OpenGVLab / LAMM

[NeurIPS 2023 Datasets and Benchmarks Track] LAMM: Multi-Modal Large Language Models and Applications as AI Agents
https://openlamm.github.io/
286 stars 15 forks source link

Using PPL on LAMM, discoverd 2 bugs, and result is much worse than direct inference type #66

Closed AlexWang1900 closed 3 months ago

AlexWang1900 commented 6 months ago

I set the scenario recipe like this: `scenario_cfg: dataset_name: STL10_LAMM base_data_path: ./data/LAMM/2D_Benchmark ppl: True

eval_cfg: instruction_cfg: query_type: standard_query inferencer_cfg: inferencer_type: PPL #Direct batch_size: 1 #32 metric_cfg: metric_type: LAMM`

with lamm186k_llama2chat7b_lora32 on STL10 dataset which I added and tested on Direct without ppl , accuracy was 0.56

but when I changed the recipe like above, there are two bugs: 1 in src/ChEF/instruction/init.py line 87

  `for i in range(batch_size)

        if isinstance(batch_options[0], list): 

            answers += [answer_template.format(option) for option in batch_options[i]]

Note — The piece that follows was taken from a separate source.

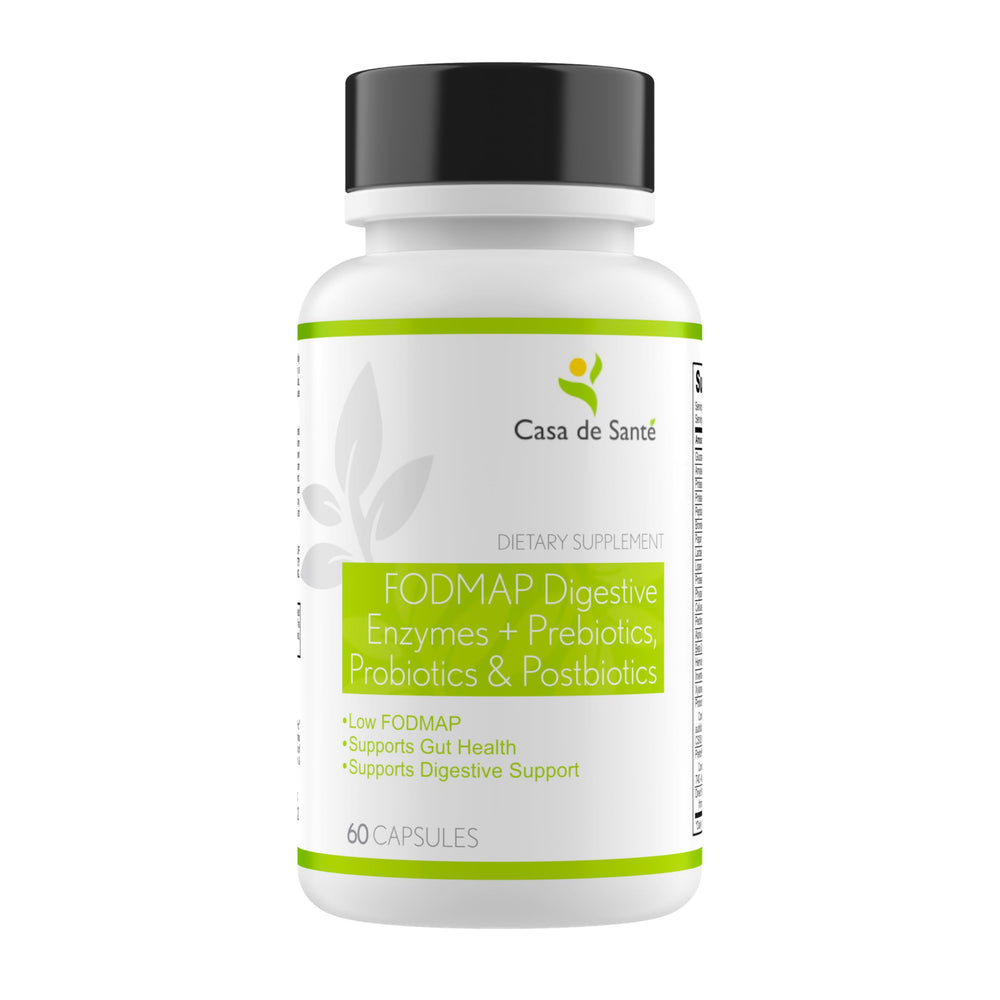 FODMAP digestive enzymes with probiotics and prebiotics blend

            new_len = len(batch_options[i])

            questions += [prompts[i] for _ in range(new_len)]

            options += batch_options[i]`

answer_template is None,and does not have format

it is because: src/ChEF/instruction/query.py line 261

`def build_template(**kwargs):

    # LAMM-style inference does not require template

    if kwargs['task_name'].endswith('lamm'):

        #return None #fix by wang for testing

        pass

    return ppl_template(**kwargs)`

it was None, when lamm model is detected,I fixed it so it will return a ppl_template

2 src/ChEF/models/test_lamm.py line 203 ,logits is a scalar which has no index

  `logits, target_ids = self.model(dict(

              vision_type = 'image',

              task_type = self.task_type,

              vision_paths = images,# fix by wang for Image type image

              output_texts = conversations,

              icl_sysmsg = icl_sysmsg
          ))
          logits = logits[:,:-1]`

and in src/model/LAMM/openlamm.py line 616-626 `loss = outputs.loss

    # calculate the token accuarcy

    return outputs.logits[:, 1:,:],targets[:, 1:]

    # chosen_tokens = torch.max(outputs.logits, dim=-1)[1][:, 1:-1]  # [B, S-1]

    # labels = targets[:, 2:]

    # gen_acc = (chosen_tokens.reshape(-1) == labels.reshape(-1)).to(

    #     torch.long

    # )  # [B*S]

    # valid_mask = (labels != -100).reshape(-1)

    # valid_tokens = gen_acc & valid_mask  # [B*S]

    # gen_acc = valid_tokens.sum().item() / valid_mask.sum().item()

    # return loss, gen_acc`

it returned a loss and gen_acc, which is not logits and target_ids, so I fixed it that returning logits and targets now

but when I run the test, the result is only 0.19125, way below 0.56 with Direct inference type.

In the Chef paper, it shows a 80.7% on table 1 and standard query type and PPL inference type from table 6. In the LAMM paper, it shows 37,9% on table 1 and I guess standard query type and Direct inference type.

So there must be something wrong, either the numbers on papers or the code.

Coach257 commented 6 months ago

Thanks for your feedback. We found that there exists some conflicts between the code base of LAMM and ChEF. We will fix this. Sorry for the mistake.

Coach257 commented 4 months ago

We have fixed the bugs and checked the results. Thanks again for your feedback.